DRILL-6410: Memory leak in Parquet Reader during cancellation #1333

vrozov · 2018-06-25T06:30:35Z

@parthchandra @sachouche @ilooner Please review

sachouche

Looks good; thanks @vrozov for making the changes.

sachouche · 2018-06-26T17:24:22Z

...va-exec/src/main/java/org/apache/drill/exec/store/parquet/columnreaders/AsyncPageReader.java

-  private long totalPageValuesRead = 0;
-  private Object pageQueueSyncronize = new Object(); // Object to use to synchronize access to the page Queue.
-                                                     // FindBugs complains if we synchronize on a Concurrent Queue
+  private final ExecutableTasksLatch<AsyncPageReaderTask> executableTasksLatch;


The ExecutableTasksLatch replaces the ExecutorService for concurrent task manipulation:

Is this the recommended way moving forward?

There is no javadoc for the ExecutableTasksLatch; you need to document this new class APIs and execution semantics. This is especially true if we want to encourage the use of this implementation pattern.
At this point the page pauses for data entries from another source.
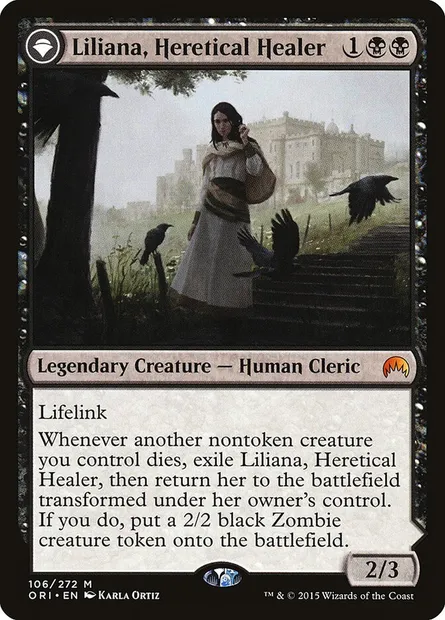 Liliana, Heretical Healer // Liliana, Defiant Necromancer, Magic card ORI 106 — Magic Origins set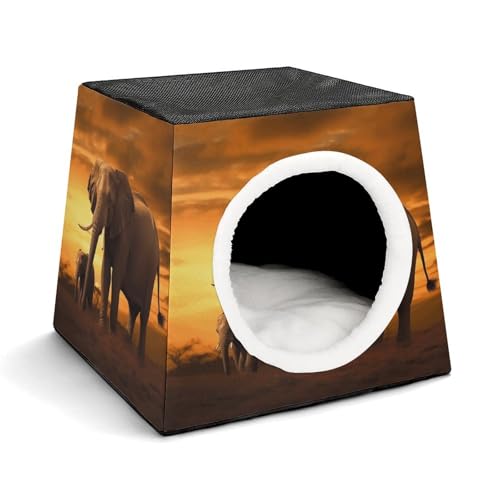 WYUSPGK Kapsel-Haustiernest, stilvolles und gemütliches Weltraumkapsel-Design für kleine Haustiere, Sonnenuntergang Elefanten-Druck, stilvolles Haustiernest, gemütliches Haustiernest, tragbares WYUSPGK Kapsel-Haustiernest, stilvolles und gemütliches Weltraumkapsel-Design für kleine Haustiere, Sonnenuntergang Elefanten-Druck, stilvolles Haustiernest, gemütliches Haustiernest, tragbares von WYUSPGK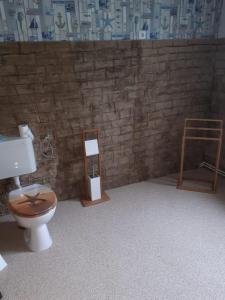 a bathroom with a toilet in a room with a brick wall at Ferienhaus-am-Tor-zur-Insel-Usedom in Murchin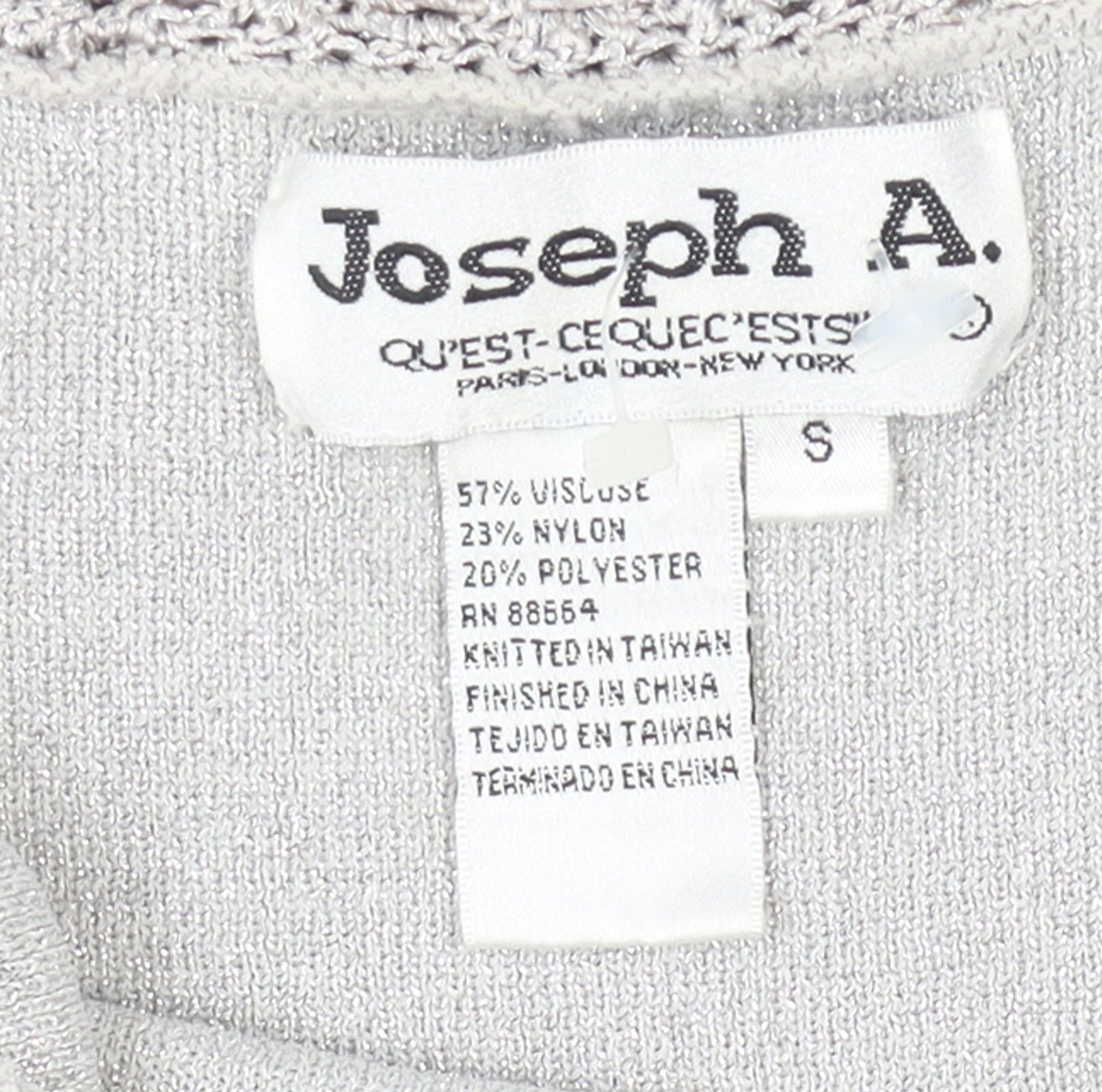 Joseph A. Womens Silver Crochet Neck Knit Blouse Size S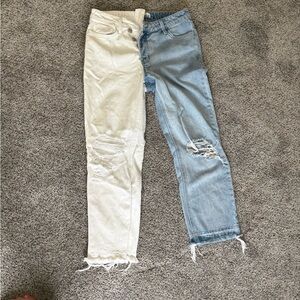 VERVET BY FLYING MONKEY Two-Tone Ankle Jeans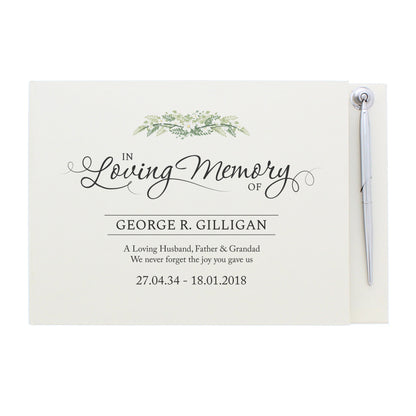 Personalised In Loving Memory Hardback Guest Book & Pen - MK&JD Gifts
ExecutableTasksLatch encapsulates ExecutorService for parallel tasks that require a synchronization point at cancellation. For all other tasks ExecutorService can be used directly.

I'll add more documentation after the first round of review.

The documentation would be useful for the reviewer too. It is easier to check the code if one knows what what guarantees ExecutableTasksLatch is supposed to provide.

Note that the class comment for AsyncPageReader needs to be updated too.

IMO, most of the time, the source code should document itself and java documentation is necessary for an API distributed as an already compiled library/jar.

I would prefer reviewers to point to obscure code rather than to rely on the documentation.

Waiting for a review comments helps to avoid inconsistency between the code and the documentation (quite a common problem) as usually code evolves faster and documentation lags behind.

I already added documentation for ExecutableTasksLatch and ExecutableTask.

I'll change comments for AsyncPageReader during rebase and merge conflict resolution.

I'm afraid I'm going to have to insist.

Please be more specific. Do you refer to AsyncPageReader doc? It was already changed during the merge conflict resolution.

priteshm · 2018-06-30T00:16:50Z

@ilooner can you also take a look at it?

ilooner · 2018-06-30T01:56:03Z

@priteshm will take a look monday.
@vrozov please fix conflict and travis failures.

vrozov · 2018-06-30T02:13:00Z

@ilooner I'll rebase after review. Travis CI failure is not related to the change, it failed due to the build exceeding Travis CI limit.

ilooner

@vrozov You put me in a tough spot :). After our last discussion I was under the impression that the majority of us were in agreement to use the approach outlined in #1257 with the exception of having a custom ExecutorService which would be removed.

The advantages of that approach were that we could delegate the complexity to the java concurrency library and have minimal maintenance overhead. With your approach we are reinventing the wheel to create our own version of concurrency classes that are already there. Considering how the first changes to PartitionerTask took 4 - 5 days of back and forth to resolve all the race conditions, we might be creating a lot of extra work for ourselves down the road with your approach.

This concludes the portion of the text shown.